Using Transparent Machine Learning to study Human Speech
Machine learning, the use of nuanced computer models to analyze and predict data, has a long history in speech recognition and natural language processing, but has largely been limited to more applied, engineering tasks. This talk will describe two more research-focused applications of transparent machine learning algorithms in the study of speech perception and production.
For speech perception, we’ll examine the difficult problem of identifying acoustic cues to a complex phonetic contrast, in this case, vowel nasality. Here, by training machine learning algorithms on acoustic measurements, we can more directly measure the informativeness of the various acoustic features to the contrast.
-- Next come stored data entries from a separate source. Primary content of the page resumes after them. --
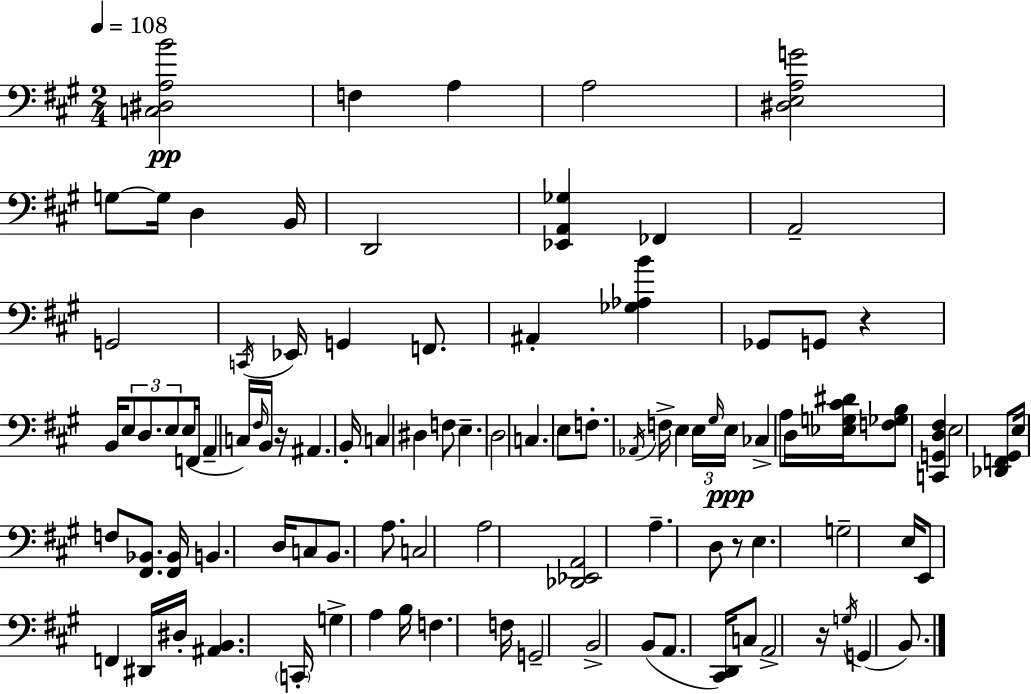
{
  \clef bass
  \numericTimeSignature
  \time 2/4
  \key a \major
  \tempo 4 = 108
  <c dis a b'>2\pp | f4 a4 | a2 | <dis e a g'>2 | \break g8~~ g16 d4 b,16 | d,2 | <ees, a, ges>4 fes,4 | a,2-- | \break g,2 | \acciaccatura { c,16 } ees,16 g,4 f,8. | ais,4-. <ges aes b'>4 | ges,8 g,8 r4 | \break b,16 \tuplet 3/2 { e8 d8. e8 } | e16( f,16 a,4-- c16) | \grace { fis16 } b,16 r16 ais,4. | b,16-. c4 dis4 | \break f8 e4.-- | d2 | c4. | e8 f8.-. \acciaccatura { aes,16 } f16-> e4 | \break \tuplet 3/2 { e16 \grace { gis16 } e16\ppp } ces4-> | a8 d16 <ees g cis' dis'>16 <f ges b>8 | <c, g, d fis>4 e2 | <des, f, gis,>8 e16 f8 | \break <fis, bes,>8. <fis, bes,>16 b,4. | d16 c8 b,8. | a8. c2 | a2 | \break <des, ees, a,>2 | a4.-- | d8 r8 e4. | g2-- | \break e16 e,8 f,4 | dis,16 dis16-. <ais, b,>4. | \parenthesize c,16-. g4-> | a4 b16 f4. | \break f16 g,2-- | b,2-> | b,8( a,8. | <cis, d,>16) c8 a,2-> | \break r16 \acciaccatura { g16 }( g,4 | b,8.) \bar "|."
} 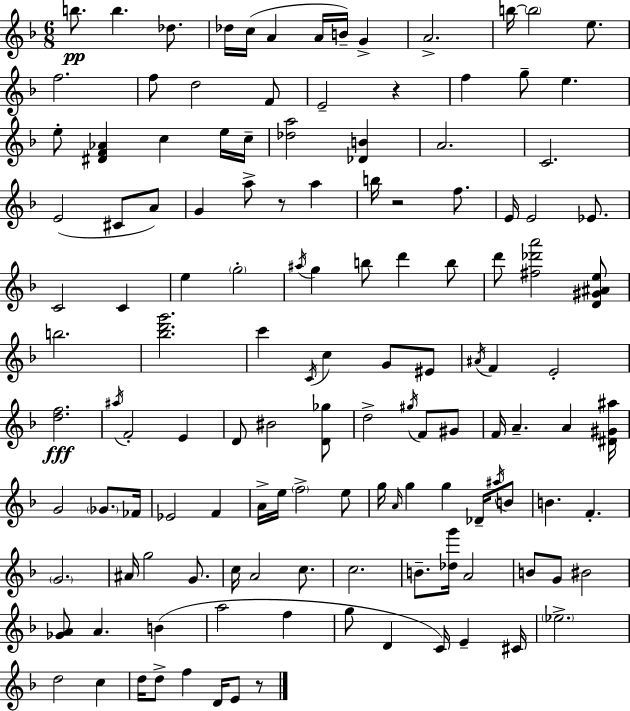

This by-feature informativeness data was then used to create hypotheses about human cue usage, and then, to model the observed human patterns of perception, showing that these models were able to predict not only the utilized cue, but the subtle patterns of perception arising from less informative changes.
For speech production, we’ll focus on data from Electromagnetic Articulography (EMA), which provides position data for the articulators with high temporal and spatial resolution, and discuss our ongoing efforts to identify and characterize pause postures (specific vocal tract configurations at prosodic boundaries, c.f. Katsika et al. 2014) in the speech of 7 speakers of American English. Here, the lip aperture trajectories of 800+ individual pauses were gold-standard annotated by a member of the research team, and then subjected to principal component analysis. These analyses were then used to train a support vector machine (SVM) classifier, which achieved a 96% classification accuracy in cross validation tests, with a Cohen’s Kappa showing machine-to-annotator agreement of 0.79, suggesting the potential for improvements in speed, consistency, and objective characterization of gestures.
These methods of modeling feature importance and classifying curves using transparent and interpretable machine learning both demonstrate concrete methods which are potentially useful and applicable to a variety of questions in phonetics, and potentially, in linguistics in general.